Der Bedarf für schnelle Datenverbindungen entstammt nicht nur den ständig wachsenden Datendurchsatzraten im Internet. Vor allem auch der neue Mobilfunkstandard 5G sorgt für hohe Sogwirkung bei den Informationsflüssen. Insbesondere neue Anwendungsformen über Telefonie und mobiles Internet hinaus erfordern den zügigen Netzausbau – allen voran das Internet of Things (IoT), das in den nächsten beiden Jahrzehnten für einen Vervielfachung der am Internet teilnehmenden Endgeräte sorgen wird.
5G ist ohne Glasfasernetz nicht denkbar
Die enorme Leistungsfähigkeit der drahtlosen Datenübermittlung bei 5G benötigt entsprechend ausgestattete Basisstationen, die die eintreffenden und abgehenden Datenströme verzögerungsfrei weiterleiten können. Das lässt sich nur mit einem gut ausgebauten Glasfasernetz bewältigen – und genau da geht es längst nicht so zügig voran wie es sollte.

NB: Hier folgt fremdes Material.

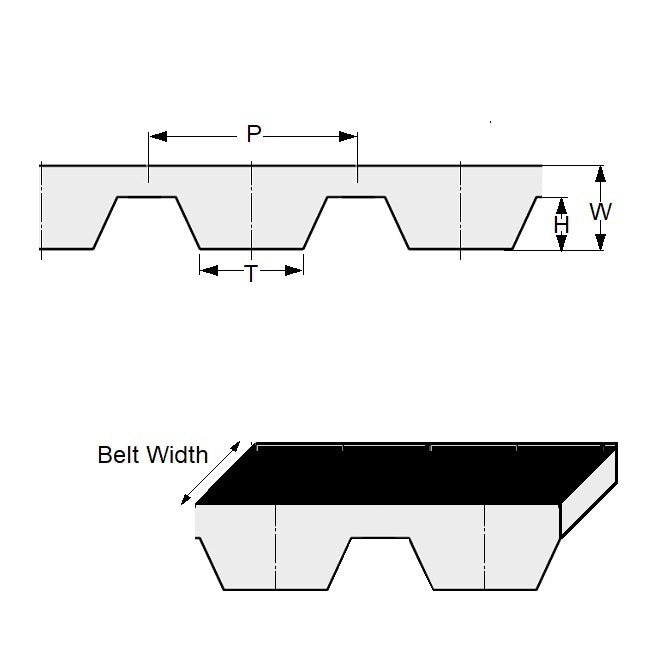 1160815 | B-MXL-0050-0032-PPO (2 Pcs) --- Inch Timing Belts - 50 tooth - 101.6x3.2 mm - Polyurethane with Polyester Cords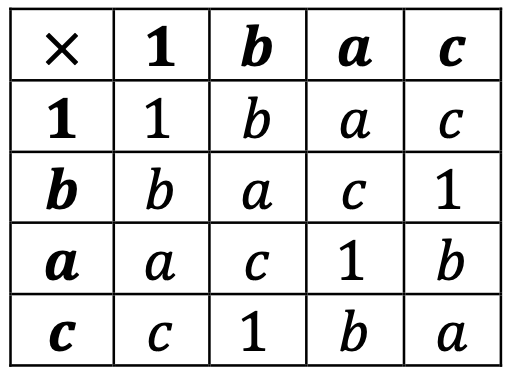 The Ultimate Guide to Groups: Part II – TOM ROCKS MATHS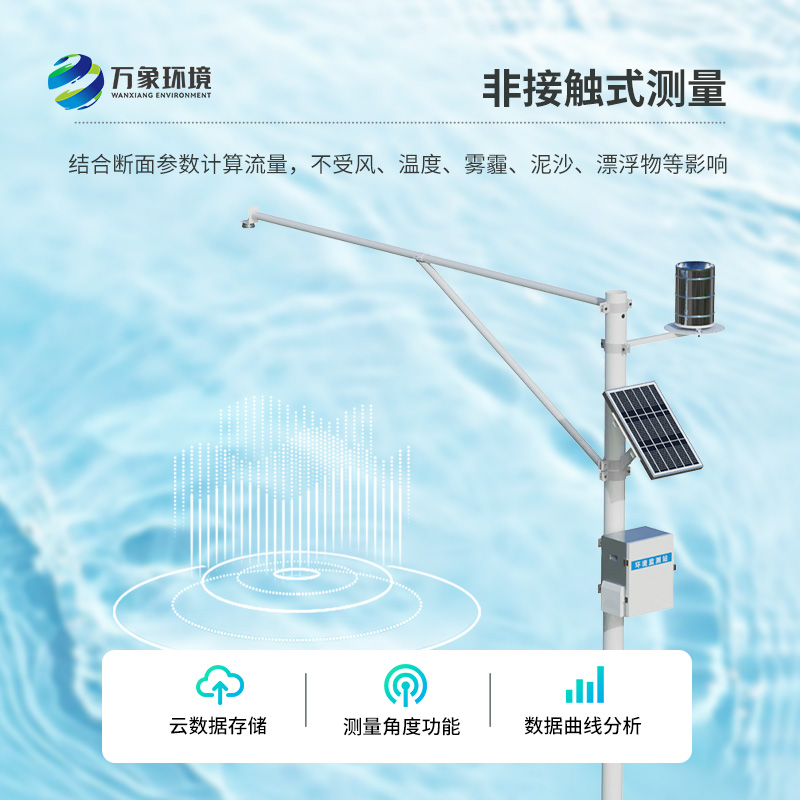 自動(dòng)水位雨量監(jiān)測(cè)站及時(shí)發(fā)現(xiàn)河流水文異常情況，保護(hù)汛期安全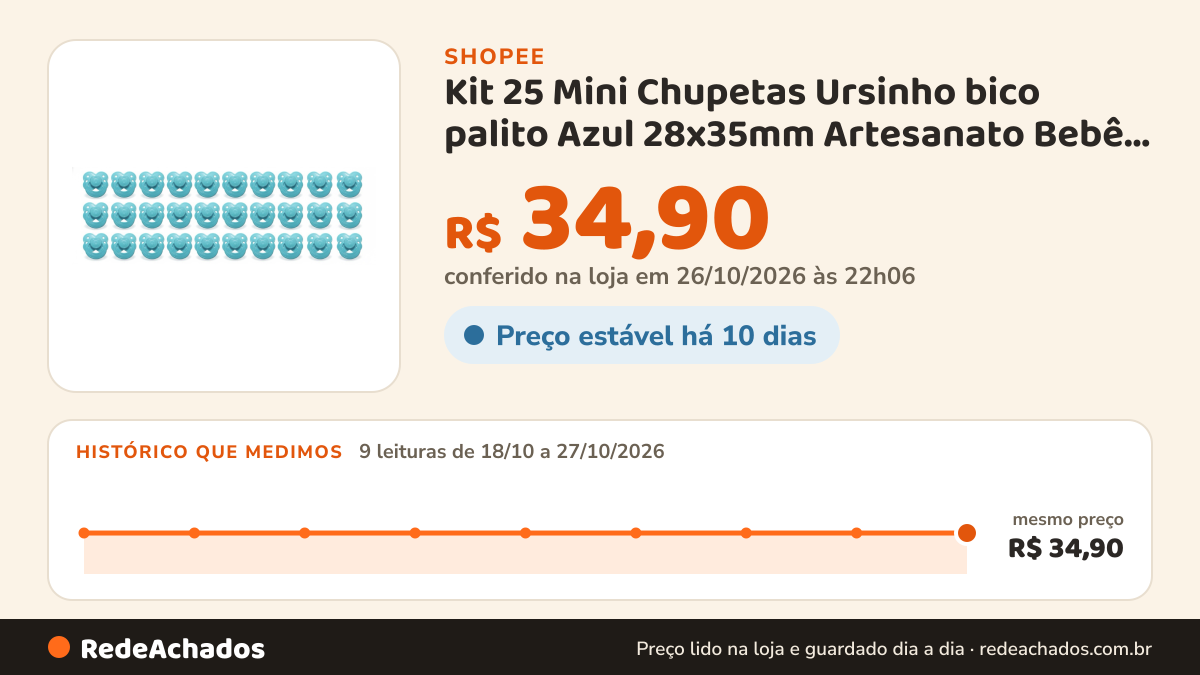 Histórico de preço de Kit 25 Mini Chupetas Ursinho bico palito Azul 28x35mm Artesanato Bebê Reborn Lembrancinha na Shopee: 9 leituras de 18/10/2026 a 27/10/2026, mesmo preço, R$ 34,90, em todas; R$ 34,90 conferido em 26/10/2026 às 22h06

Bisher sind die erforderlichen Baumaßnahmen langwierig, denn nicht selten treffen sie auf hohe bürokratische Hürden und den Widerstand bei der regionalen Bevölkerung – und das wiederum treibt die Kosten in die Höhe. Dem will die EU nun mit dem GIA entgegenwirken. Vor allem der einheitlich geregelte Abbau bürokratischer Hemmnisse soll für eine raschere Durchführung der erforderlichen Baumaßnahmen sorgen.
Versuche dieser Art sind nicht neu. Früher hat die EU sich allerdings durch eigene komplexe Regelwerke selbst ins Abseits geschossen. Nun soll der konsequente Bürokratieabbau aber generisch von der EU ausgehen und lokale Eigenheiten bei den Genehmigungsverfahren aushebeln. Das strategische Ziel des GIA ist der flächendeckende Netzausbau für eine Übertragungsgeschwindigkeit von einem Gigabit pro Sekunde. Dazu sollen Bauherren verpflichtet werden, bei Neubauten den Anschluss von Glasfaserkabeln vorzusehen.
Über die Kosten besteht noch Diskussionsbedarf
Dass die extrem hohen Kosten für dieses Ziel nicht alleine den Netzbetreibern aufgebürdet werden sollen, ist schon seit geraumer Zeit Gesprächsthema zwischen Netzanbietern und EU. Die immer wieder vorgebrachte Forderung: Besonders Content-Anbieter mit besonders hohem Datendurchsatz – beispielsweise soziale Netzwerke wie Facebook, Instagram und TikTok oder Streaming-Anbieter wie Netflix – sollen sich an den Kosten beteiligen, da sie durch die Nutzung der Netze Milliarden verdienen.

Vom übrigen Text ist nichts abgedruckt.